Thanks for the link on those pumps. 420L/h might be enough. I honestly have no idea. If you say so then I will believe you. The only similar setup I found had a 750L/h pump so I was looking around there.


----------



## Nordic (Nov 4, 2012)

I am definitely getting a pump from bmaverick. Do you guys think a pump top would beneifit me much. It seems like it would grant another gallon per minute.

Here is a graph.


----------



## Delta6326 (Nov 4, 2012)

Dunno if you have picked out a CPU block, but here is a good review to read.
http://hardforum.com/showpost.php?p=1038985356&postcount=10

EDIT: here is the actual thread so you can go through pic and stuff.

http://hardforum.com/showthread.php?p=1038985356#post1038985356

Here's a Rad review from TPU here and another block Review

http://www.techpowerup.com/forums/showthread.php?t=157540

http://www.techpowerup.com/forums/showthread.php?t=153781


----------



## drdeathx (Nov 4, 2012)

james888 said:


> I am definitely getting a pump from bmaverick. Do you guys think a pump top would beneifit me much. It seems like it would grant another gallon per minute.
> 
> Here is a graph.
> http://martinsliquidlab.files.wordp...om/2011/03/ddc-1-comparisonpq.png?w=614&h=547



There will be no temperature difference. Apogee HD is one of the better waterblocks. Aesthetically looks great  too.


----------



## Nordic (Nov 4, 2012)

Delta6326 said:


> Dunno if you have picked out a CPU block, but here is a good review to read.
> http://hardforum.com/showpost.php?p=1038985356&postcount=10



I did pick up a dd mc-tdx for $25. By what reviews and what not I have read, it compares similarly to the xspc rasa. Not the best block but it was a good price.



drdeathx said:


> There will be no temperature difference. Apogee HD is one of the better waterblocks. Aesthetically looks great  too.

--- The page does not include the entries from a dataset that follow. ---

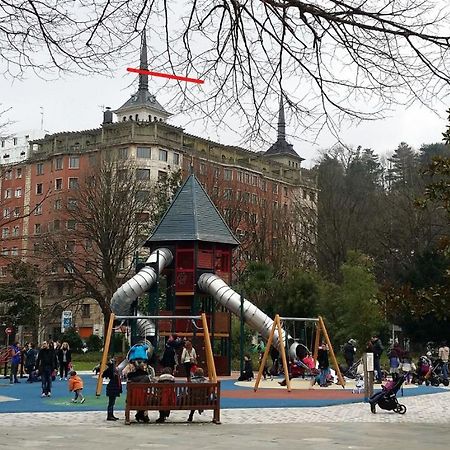 Appartamento San Sebastian Centro Parking Incluido Esterno foto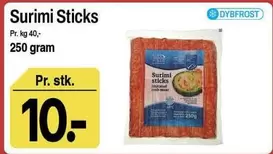 Surimi Sticks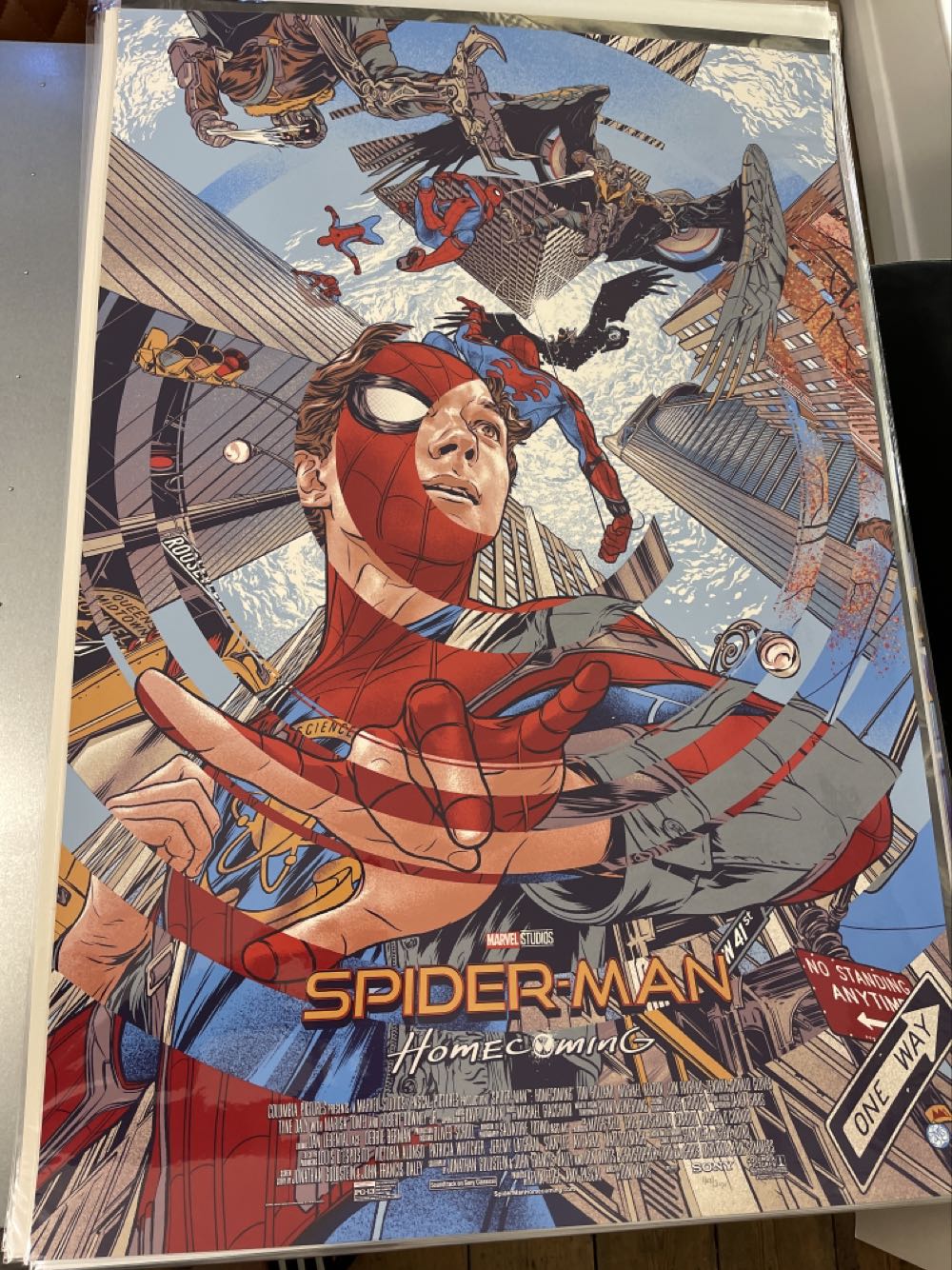 Original Preliminary Drawing For The University Of Alabama Painting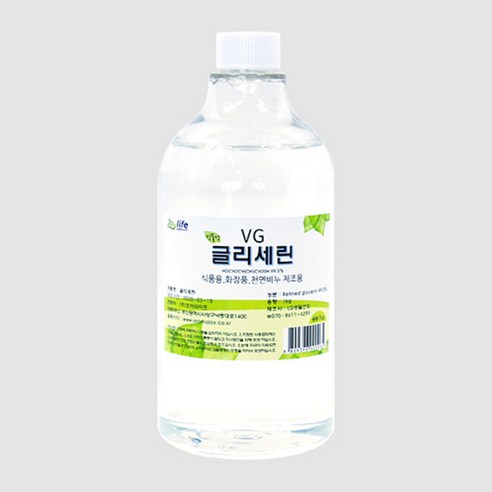 조이라이프 글리세린, 무색투명, 1개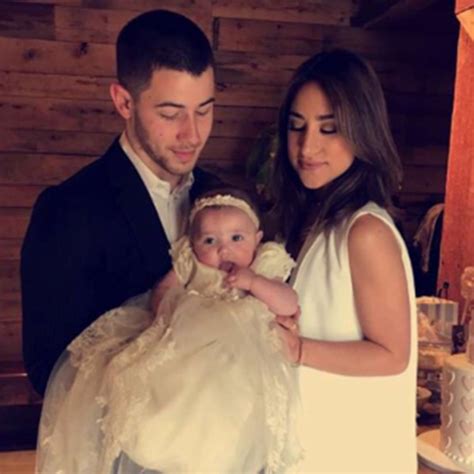 Nick Jonas Announces He's the Godfather to His Niece Valentina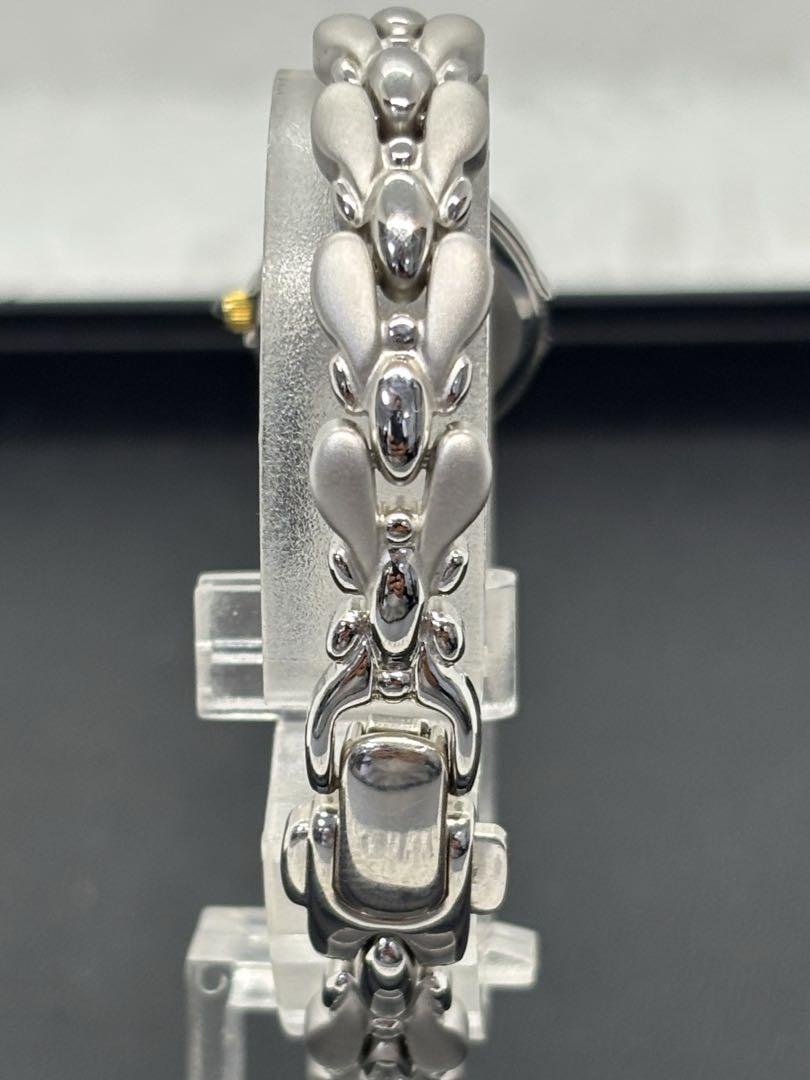 美品 セイコー エクセリーヌ 1F20-6B60 ダイヤ　電池交換済　稼働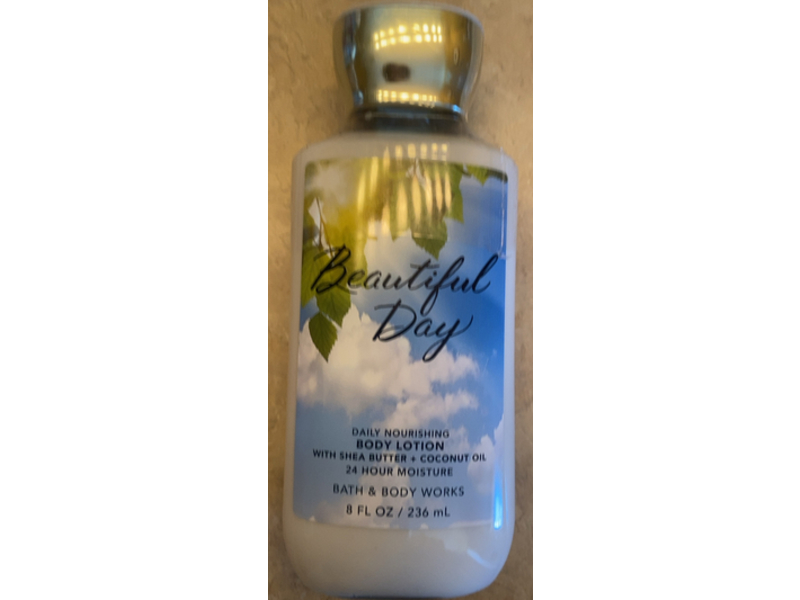 Bath & Body Works Daily Nourishing Body Lotion, Beautiful Day, 8 fl oz/236 mL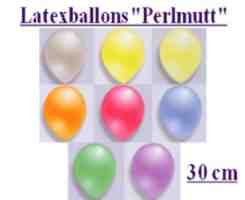 Luftballons-Perlmuttfarben-30-cm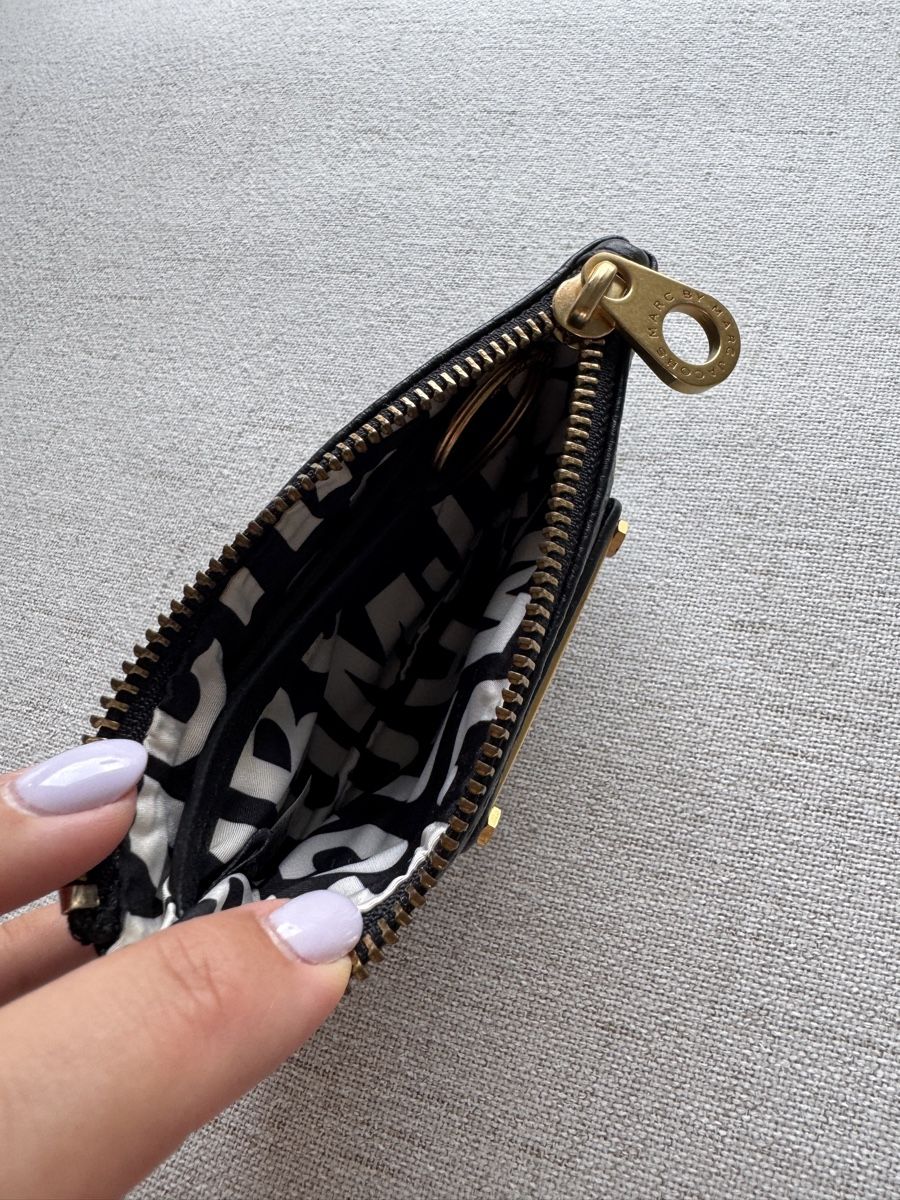 Marc Jacobs Portefeuilles: Portemonnaie Marc Jacobs Leder schwarz – Neuf (Voir description) à Arni AG par Patricia0110 1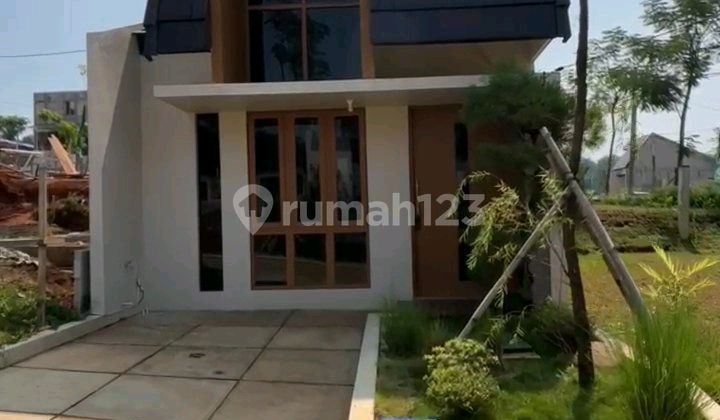 Rumah Dijual Springhill Yume Green Nempel BSD Cicilan 3Jtan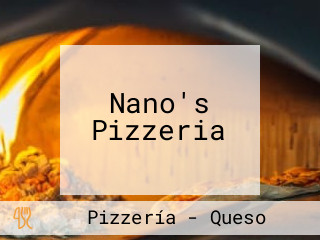 Nano's Pizzeria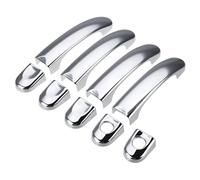 9Pcs Set Abs Chrome Door Handle For Covers Trim For Transporter For T5 T6 For Caddy For Van 2003-2015 Car Exterior Door Handle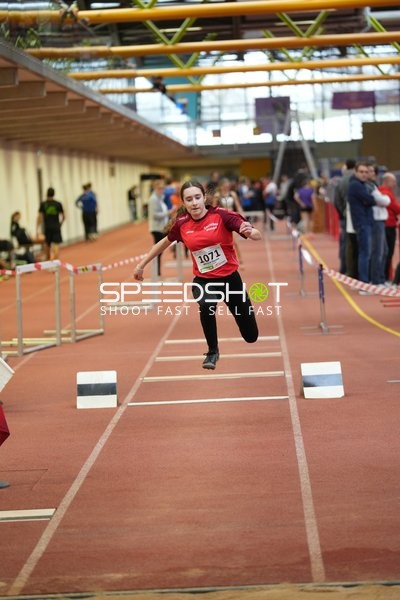 Bayrische Meisterschaft Leichtathletik 01.02.2026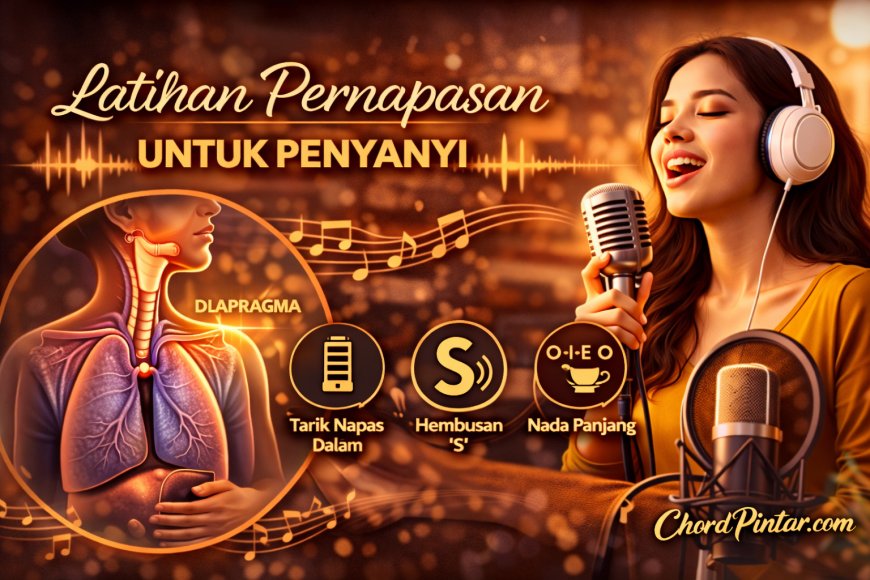 Latihan Pernapasan untuk Penyanyi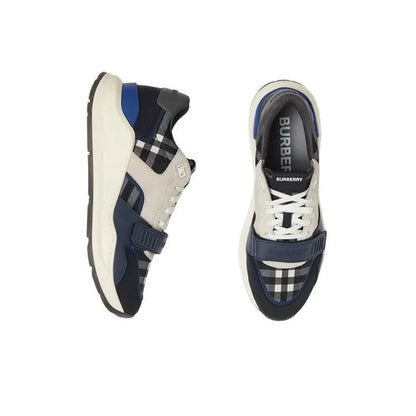 Burberry Check Sneakers &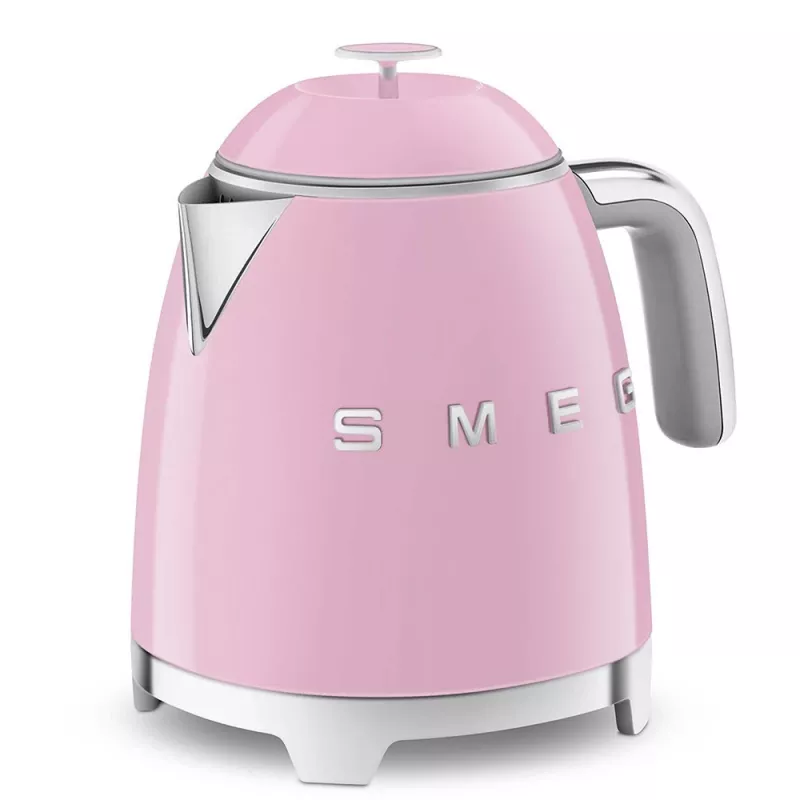 Chaleira elétrica Smeg 0,8 L 1400 W rosa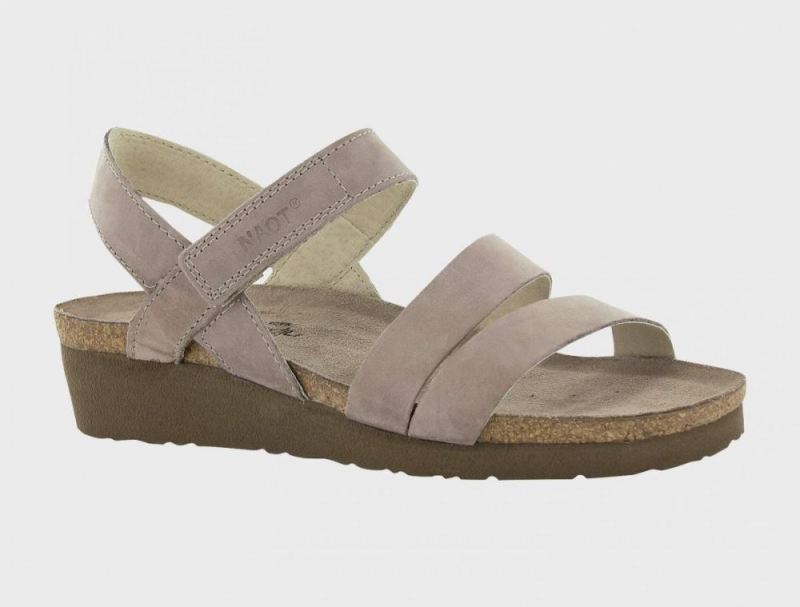 Naot | Kayla Wide-Stone Nubuck - Click Image to Close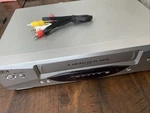 Sanyo WVM-696 Vcr Player Works Greet With Av Cables Fast Shipping Used. Price: $54.99.
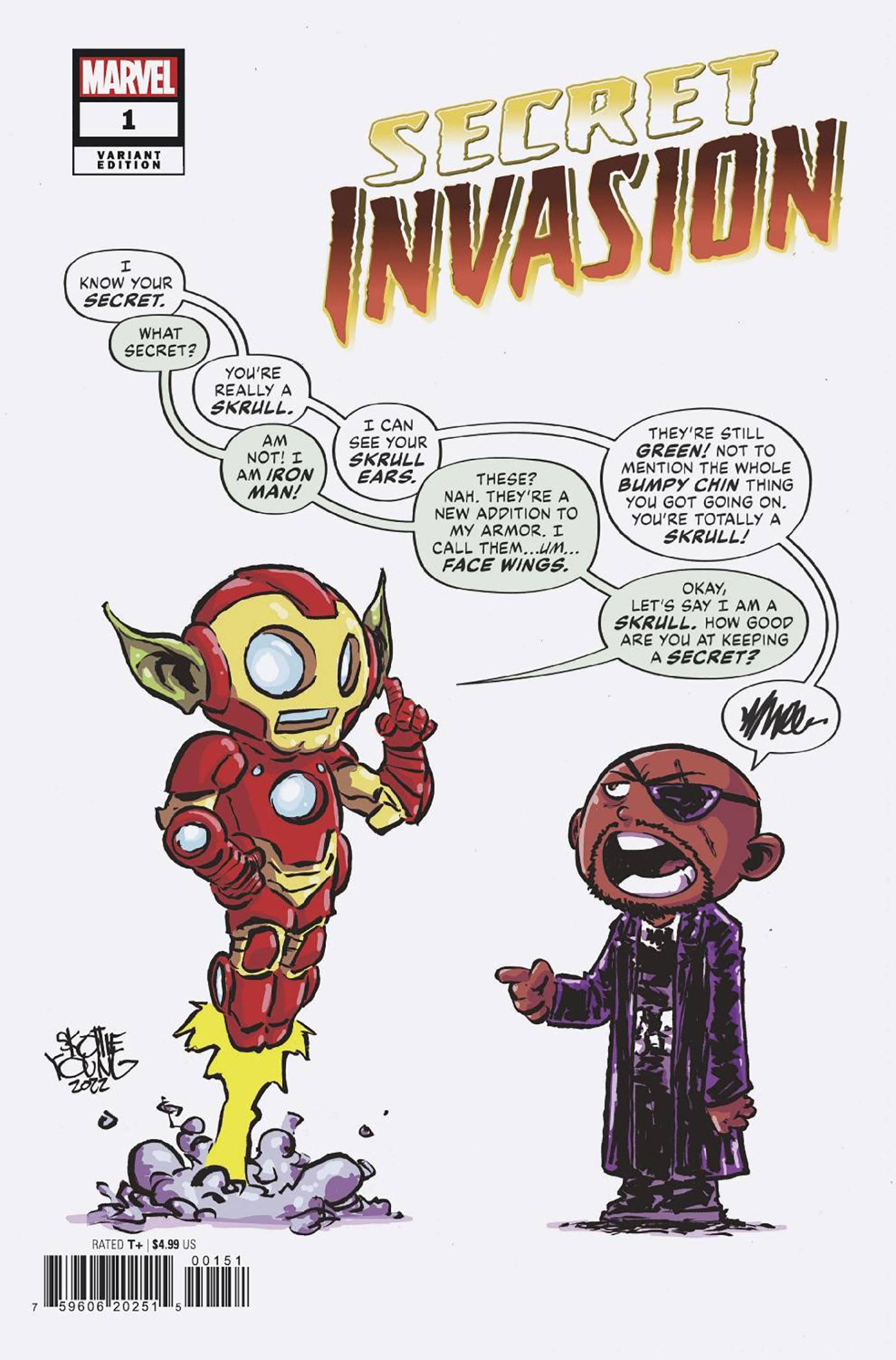 Secret Invasion (2022) #2, Comic Issues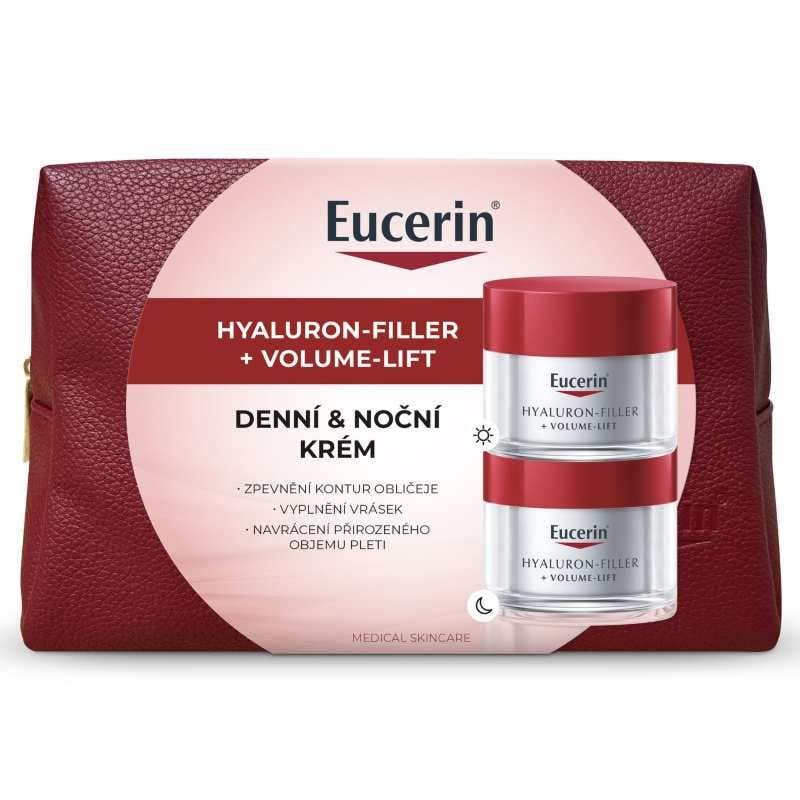 Eucerin Hyaluron-Filler + Volume Lift Vianočné balenie 2025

Not getting one then. Thanks.



I am about $150 into a watercooling setup and all I think I need now is rads. Most of what I got is pretty ramshackled parts but I guess we will see how well they go together.

One thing I am unsure of is the 69x0 full cover block I got from danger den. I don't know why I did. I am using a 6950 right now while my 7970 is RMA'd and that might be why. I plan to use a 7970 again, if and when sapphire sends me a new 7970. My 6950 is a non reference TW3 and I doubt it would work with the dd block. I will probably just sell it.


----------



## drdeathx (Nov 4, 2012)

All you need is one trip 120mm rad.


----------



## Nordic (Nov 4, 2012)

I can not fit one without heavy modding or externally. I would rather not mod my case or have an external rad right now.

This is how I am generally thinking I will make the layout.





I am thinking I will use the $5 120mm heater core (as in car rad) I got from dd behind the cpu at first. If I am not satisfied with it I might switch to a thicker 120x45mm thick rad or a 60mm thick rad there instead. I could technically fit a 120x2 in the top. I only have 45mm of space there total. I could go 20mm rad + 25mm fans or 25mm rad and 20mm fans. I think the extra thick 120mm rads would be better in my situation. In the front I could fit a 120x2 with modding that I would rather avoid. It could only be push or pull not both. I am eyeing an 120x80mm monsta rad I am eyeing is more than 300watts of cooling dissipation, especially with good fans. This is the only real review of it I can find, it uses a 300 watt test bed. I am thinking I could pair the two Panaflow 120x38mm fans I got for $10 each with it in the bottom front of my case. Those fans plus that rad _should _make really excel at cooling.


----------



## MxPhenom 216 (Nov 4, 2012)

Oh shit, you weren't kidding when you said my thread made you want to go water haha!

I definitely would get 240 rads not just 120s.

That 7970 will saturate even the thickest 120 rad pretty quick.


----------



## Nordic (Nov 4, 2012)

MxPhenom 216 said:


> Oh shit, you weren't kidding when you said my thread made you want to go water haha!
> 
> I definitely would get 240 rads not just 120s.
> 
> That 7970 will saturate even the thickest 120 rad pretty quick.



Yep!

I don't feel like modding the front of my case and I only have 45mm in the top. I don't see 240 as much of an option.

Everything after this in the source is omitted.